Кроме лекций, два раза в неделю по вечерам устраивалась военно‑морская игра, то есть разбиралась возможная морская война на Балтийском театре. Нашим противником был германский флот. Часть слушателей командовала русским флотом, а другая – германским. При разборе различных морских операций соответствующие начальники‑слушатели должны были докладывать судьям руководителям игры, как они поступили бы в данном случае. Это, конечно, было очень интересным, и игра затягивалась иногда далеко за полночь.
Преподавание велось по лекционной системе. Никаких проверочных испытаний в течение года не полагалось, но в конце учебного года мы должны были сдавать экзамены по всем прослушанным предметам.
Слушатели оказались совсем на студенческом положении, с той лишь разницей, что не могли пропускать лекций. За этим строго следили начальник академии и его помощник.
В первый раз с момента выхода в офицеры я получил возможность жить нормальной береговой жизнью – не надо было по утрам торопиться на очередную шлюпку, бояться опоздать к подъему флага, и не было ни вахт, ни дежурств. Можно было спать до 8 ч, а то и дольше, так как бывали дни, когда лекции начинались только в 10 ч. Вначале такая жизнь была очень заманчивой.

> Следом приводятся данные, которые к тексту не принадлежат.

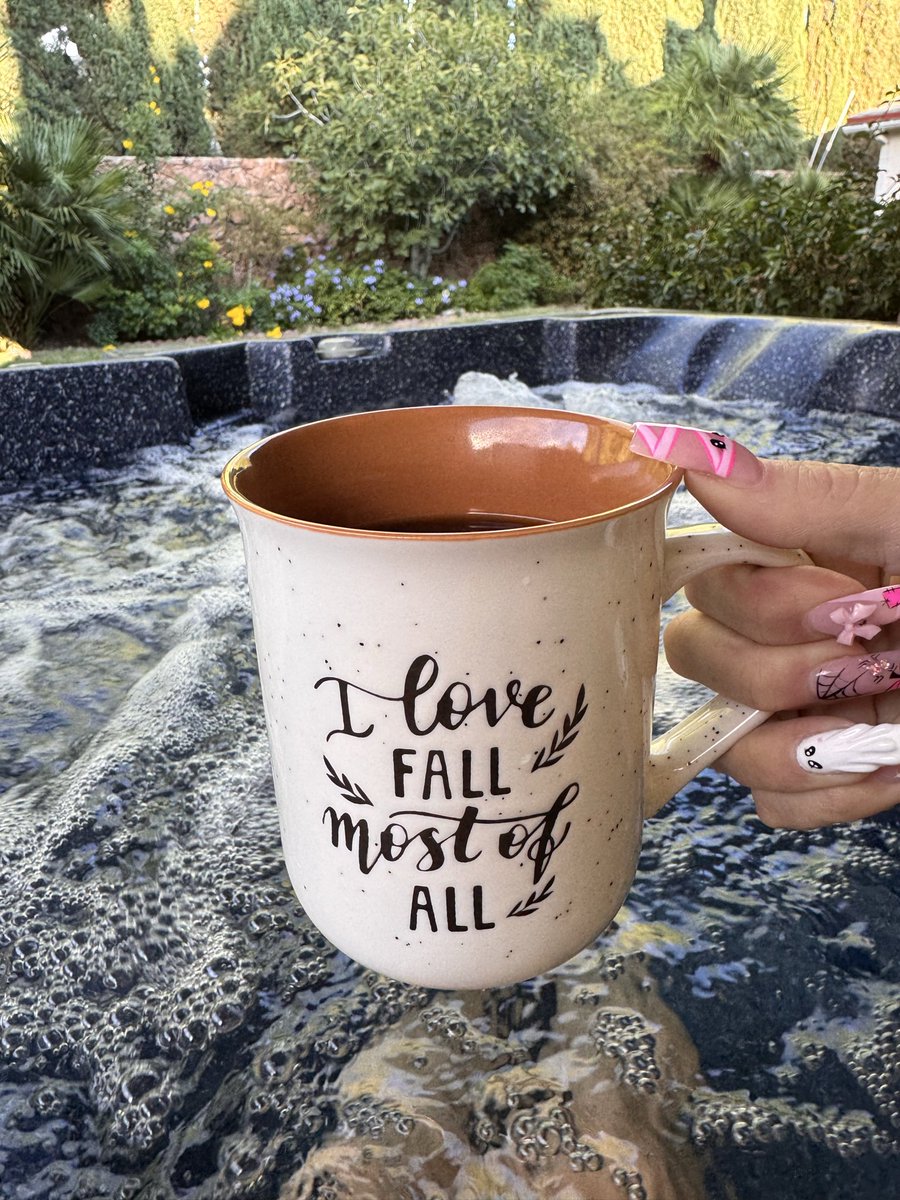 ValChavez2024's tweet photo. Cheers to Fall and a #GoodRead! ☕️🍁📖 Ready to dive into this gem by @gcouros! 🤓 A #mustread for leaders striving to emerge stronger, together by focusing on relationships, purpose, and moving #ForwardTogether! 💕 #HappyFall #happyreading #LeadersAreReaders #FitLeaders https://t.co/19DcrEeqLT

Мое поступление в академию совпало с очень интересным политическим моментом. В 1911 году морская литература пестрела статьями о военном судостроении в разных странах. Производились подсчеты числа кораблей и силы их огня. Разбирались отдельные типы линейных кораблей, крейсеров, миноносцев и подводных лодок. Обсуждались вопросы, когда и в каком государстве программа судостроения будет закончена.
Тогда уже чувствовалось, что война надвигается. Европа разделилась на союзников и врагов. Если это имело пока значение установить равновесие, то в то же время оно толкало на войну. Ни дипломатия, ни военный круги тогда не отдавали себе еще ясного отчета, к каким последствиям война может привести. Политические режимы во всех странах считали себя очень прочными и не боялись, что война их может поколебать. Главное же, что каждая великая держава верила в то, что если она начнет войну, то победит. Эта уверенность и оказалась фатальной, а прочность режимов – проблематичной.
Самым примечательным было то, что не ясны были причины возможной войны. Очень немногие умели смотреть в глубину политического положения Европы и понимать грозящую опасность, а эта опасность была грозной, и ее грозность была не столько в экономических и национальных разногласиях, сколько в возможности возникновения революций.
Теперь, когда катастрофы двух мировых войн уже разразились, о причинах этих войн и их виновниках создалась целая литература. Но ни одна страна себя виновной не признает. После Первой мировой войны некоторые бывшие правители государств признавали свою ошибку в выборе союзников, но не в том, что война была начата. Неизбежность войны считалась неоспоримой. Впоследствии в разговоре со мной император Вильгельм сказал[293], что он очень сожалеет, что Германия и Россия были не на одной стороне, а царь Фердинанд Болгарский говорил, что он сожалеет, что примкнул к Германии, а не к России. Но самою войну они считали правильно начатой.